Une analyse de la crise des solidarités à l’heure de la réussite individuelle.

Le sociologue François Dubet, tente, dans un court essai au titre presque provocateur, La préférence pour l’inégalité, de saisir comment la société française en est aujourd’hui arrivée à un tel délitement de ses liens de solidarité. Comment les acteurs d’une société républicaine, du citoyen jusqu’au plus haut niveau des pouvoirs publics, peuvent-ils faire ce choix collectif de l’inégalité ?  Selon l’auteur, l’augmentation des inégalités – à tous niveaux – depuis presque vingt ans, a mené à un réel épuisement de la solidarité au sein de la société française.

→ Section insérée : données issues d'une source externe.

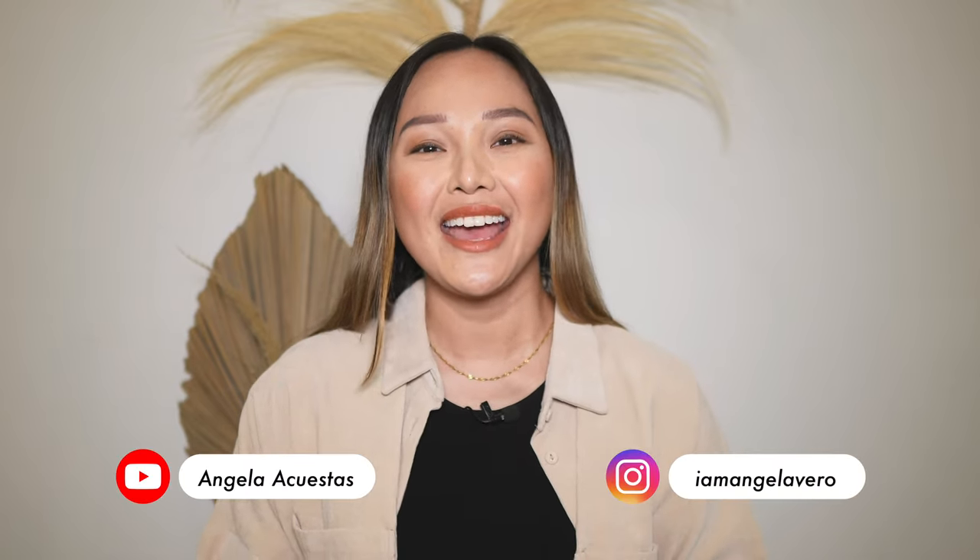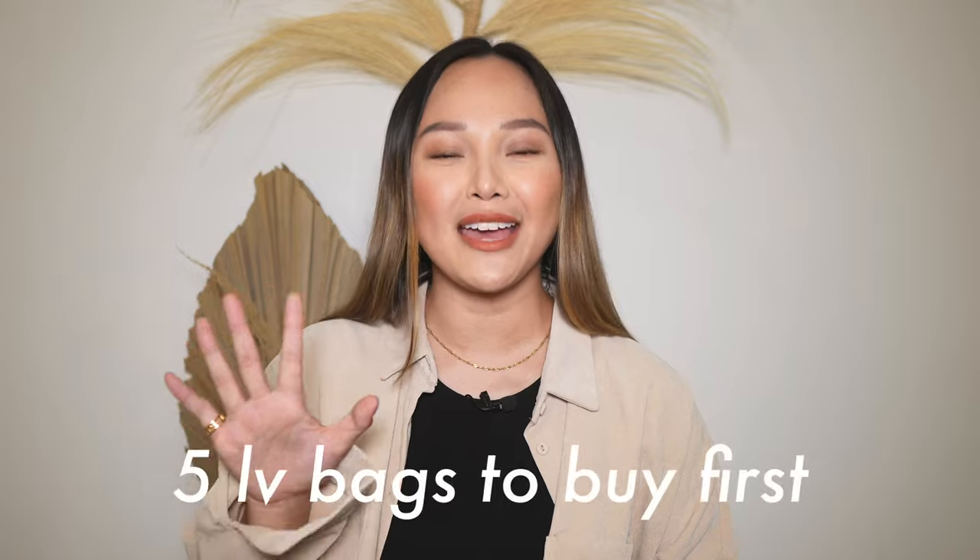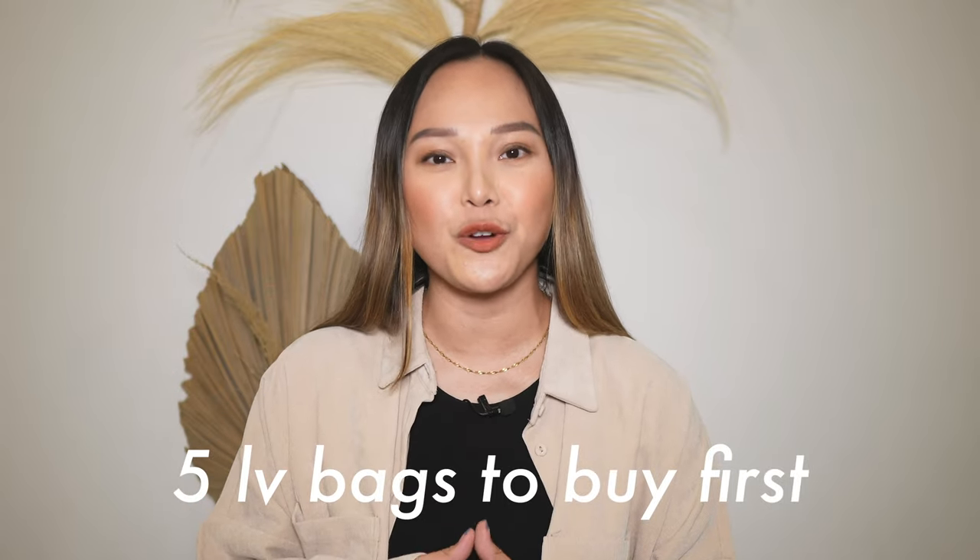Hey guys, welcome back to my channel — or if you're new here, hi, my name is Angela. On this channel we talk everything fashion, beauty, and lifestyle, so if that's content you like to watch, hit the subscribe button and join the family. Don't forget to turn on bell notifications so you won't miss any new videos. Today we're talking about one of my favorite designer brands, Louis Vuitton, and I'll be sharing five handbags I recommend purchasing first.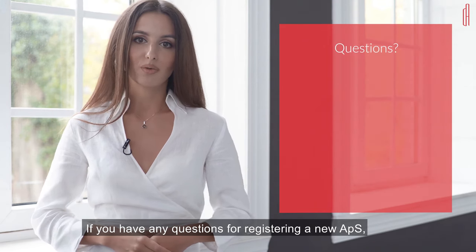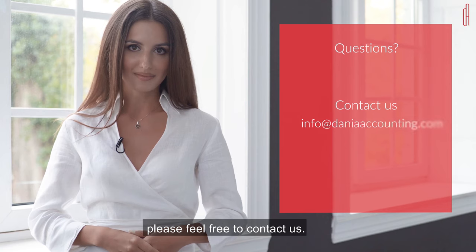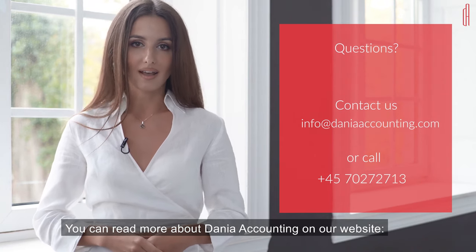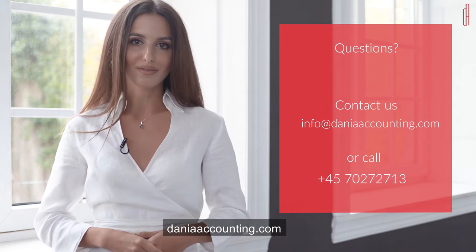If you have any questions about registering a new APS, please feel free to contact us. You can read more about Dania Accounting on our website, daniaaccounting.com. Thank you for watching.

Dans son premier chapitre, il revient sur les différents types d’(in)égalité, reprenant notamment quelques répartitions marquantes, évoquant ainsi « les 50% des Français les plus pauvres (qui) partagent 4% du capital, alors que les 10% les plus riches en partagent 62% de manière très inéquitable. » Toutes les inégalités sont rapidement passées au crible : sociales, de genre, spatiales, économiques, etc. Il montre que si les inégalités économiques, la globalisation, tous les phénomènes dits structurels ou systémiques peuvent créer et aggraver les inégalités, c’est aussi et peut-être surtout par les choix des citoyens que les inégalités se font et ne se défont plus.

Même si son rôle est indéniable, on est donc loin du spectre de l’unique et imposante économie génératrice d’inégalités, et si celles-ci se creusent entre les plus nombreux et l’élite, « c’est aussi parce que les 99% ne conjuguent pas leurs efforts, pour la bonne raison que leurs pratiques sociales les plus banales participent à la production des inégalités» Ainsi, on peut observer les dynamiques de création d’inégalités à une micro-échelle, lorsque par exemple un couple de la classe moyenne, déplorant généralement le manque de mixité sociale des quartiers, choisira tel quartier, telle école, afin de préserver un entre-soi protecteur.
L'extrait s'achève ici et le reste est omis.